Friday, December 16, 2005

Chicken Poop for the Cat Lover’s Soul

I was scooping out the litter box today. Actually I was scooping out the litter boxes today. We have three cats and three litter boxes. It seemed equitable at the time. For a time we had three boxes and only two cats. That just wouldn’t do. One of the litter boxes was unloved (so to speak). I left town for a couple of days and rather than throw out a perfectly good litter box, my wife procured a new cat. Problem solved on her end.

Since my wife accepted a promotion to “mother to be” I have been doing the scooping of the litter boxes. It gives me a lot of time to think. I have to think about something other than what I am doing… But I can’t. So I think about what I am doing. I have come up with an experiment that I intend to try soon.

Here is what I intend to do:
A: buy a bag of cat food
B: empty contents into another container
C: label container “CAT FOOD”
D: feed cats normally
E: scoop out litter boxes carefully placing cat feces in the food bag
F: place label on food bag “POO”
F: when food bag labeled “POO” is full before food container labeled “CAT FOOD” is empty scream loudly, “I knew it!”
G: throw food bag labeled “POO” in trash can

My hypothesis is that the mass of feces generated by the cats is greater than the food consumed for a given period of time. If true, this would shed some light on why Schrödinger used a cat in his experiments. I will post my results after performing the experiment.

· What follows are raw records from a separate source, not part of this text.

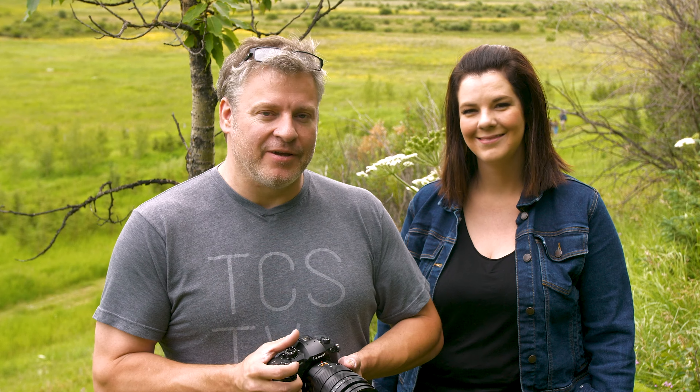We're out in this great provincial park called Big Hill Springs, just northwest of Calgary. We got a bit of a break in the weather, so it's kind of nice. You never know what you're going to get in the foothills.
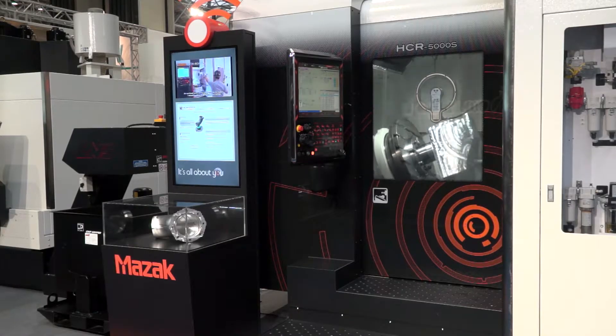It's our latest five-axis machine technology. It's designed for aluminium type components, 30,000 RPM, very low jerk rates, very high acceleration.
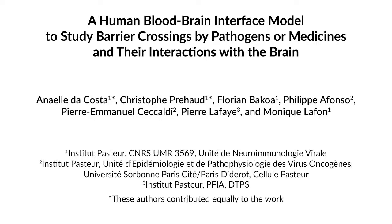This human blood-brain interface model is useful for studying the transport of molecules into the nervous system, as well as for studying how microbes reach and infect the brain parenchyma.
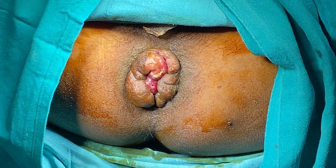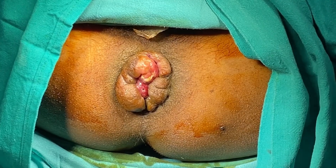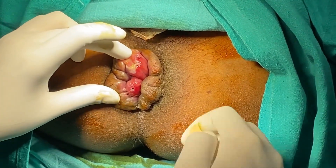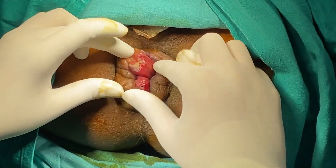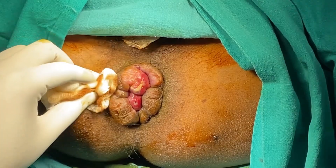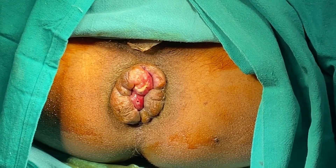This is Dr. Vikran. This is the case of a grade 4 hemorrhoids with edematous skin tag. One can see the collapsed piles all around. I am planning to do a stapler procedure. Before that, I am going to inject.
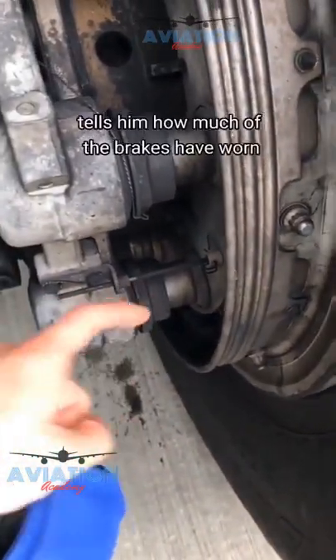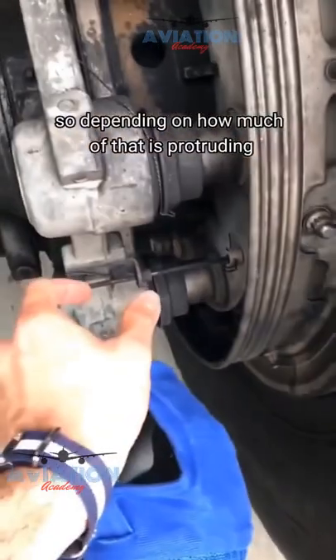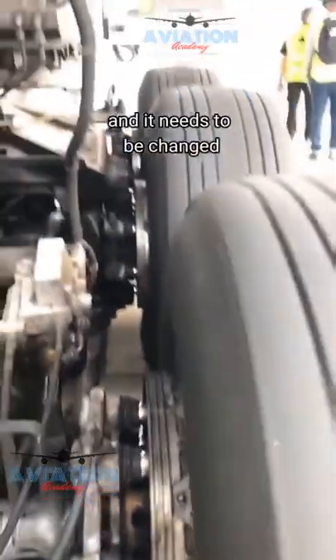This metal little pin tells him how much of the brakes have worn. So depending on how much of that is protruding — this shows you that it's quite fresh. But the closer this metal piece gets to the edge, it tells you that the brake has been worn and it needs to be changed.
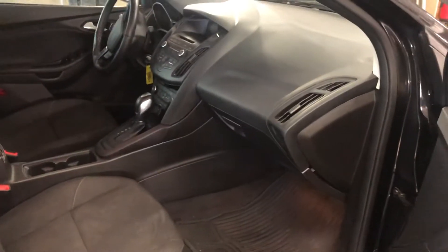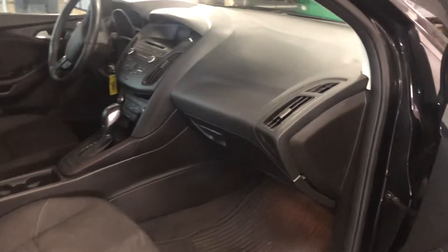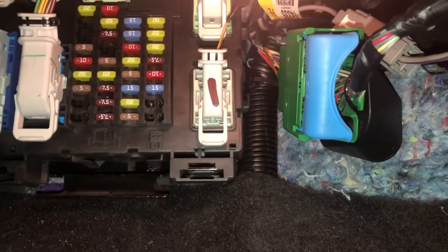The second fuse box location is located on the passenger side of the car, right over here. Here are the fuses.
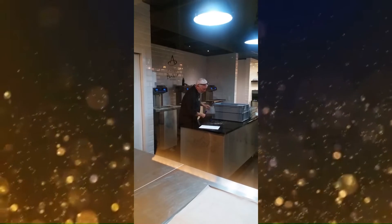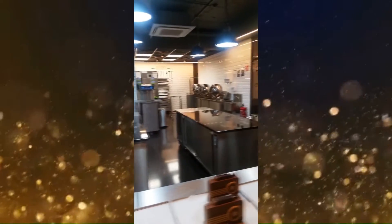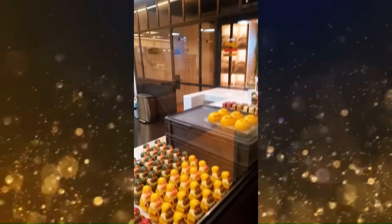Look, the man is making chocolate. Here is the chocolate. I'm not sure. It's all the sauce that we need to...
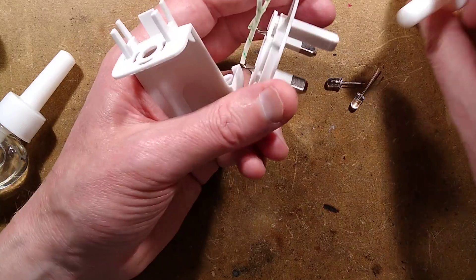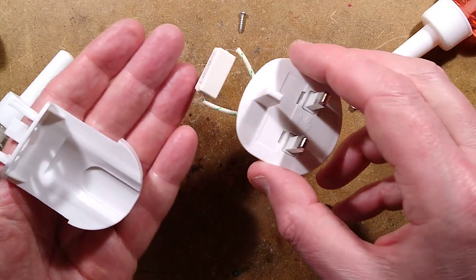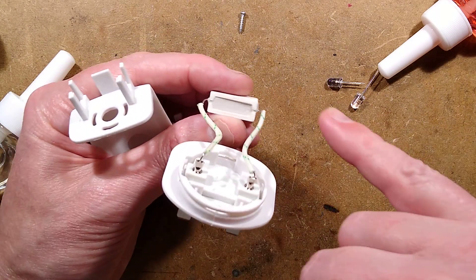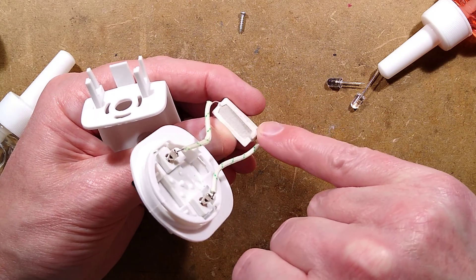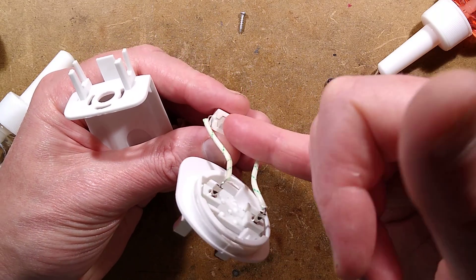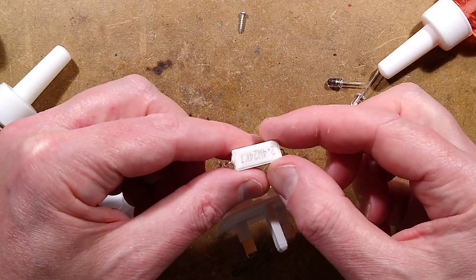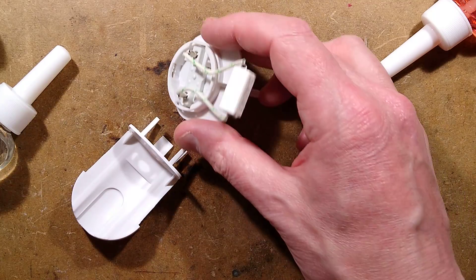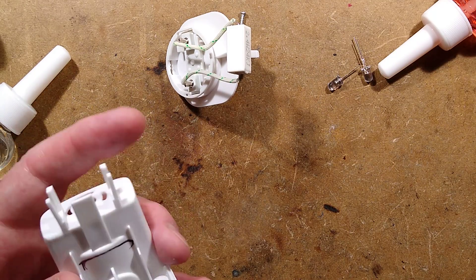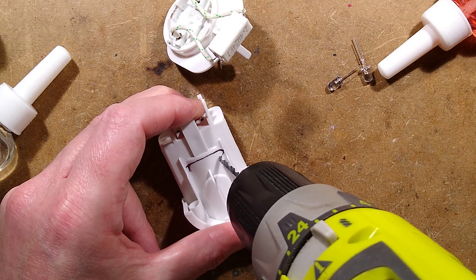I wonder how many problems they have with people just laying these air fresheners down on their side and then the liquid drips out onto the heater block. I do notice the construction is such that they've got a ceramic housing and then they've laid a wire-wound section in and then put cement on top of that. It would probably cost more for one of these resistors than it costs for the entire thing - that's how things normally work. I have a drill, I shall drill a hole here.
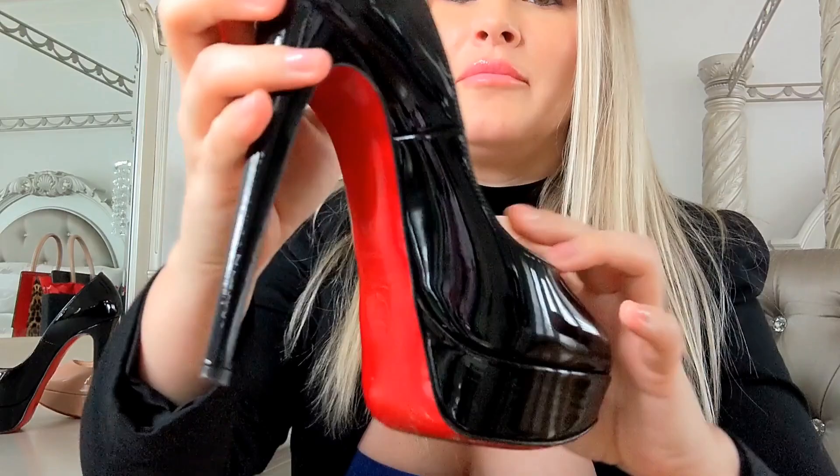I'm going to start with the black. This was actually probably the third pair of Christian Louboutins that I ever bought. Several years old, still in amazing condition. It is worn, obviously, but this is literally one of my favorite shoes. I won't show you the bottom because it's all worn off.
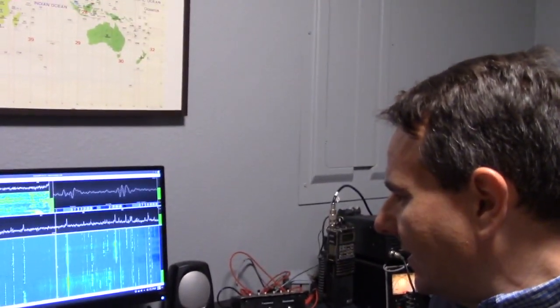Hear that scratching noise? And if I mouse around the different spots, it doesn't change at all, right?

Another oddity with our cats occurred today while I was scooping. I finished scooping out one litter box (here after referred to as Box A) and began scooping out another litter box. I will call this one Box B. While I was scooping out Box B, one of our cats walked into and began to use Box A. Our relationship is currently such that neither of us finds this uncomfortable. Actually, I do find it a bit uncomfortable. Usually I try to look away.

I scoop out the last litter box (Box C), and notice that the cat is now curious about Box B. Finally, the cat steps into Box B and rather than using it for its intended purpose he begins to just dig around. After digging in a few places the cat leaves. I began to wonder if he had buried one of his toys in there for safe keeping. He should know better than that. In his short life, one of the few things he has gotten good at is making deposits in the litter box. So he knows what goes in there doesn’t stick around. I’ll probably never know what his thoughts were.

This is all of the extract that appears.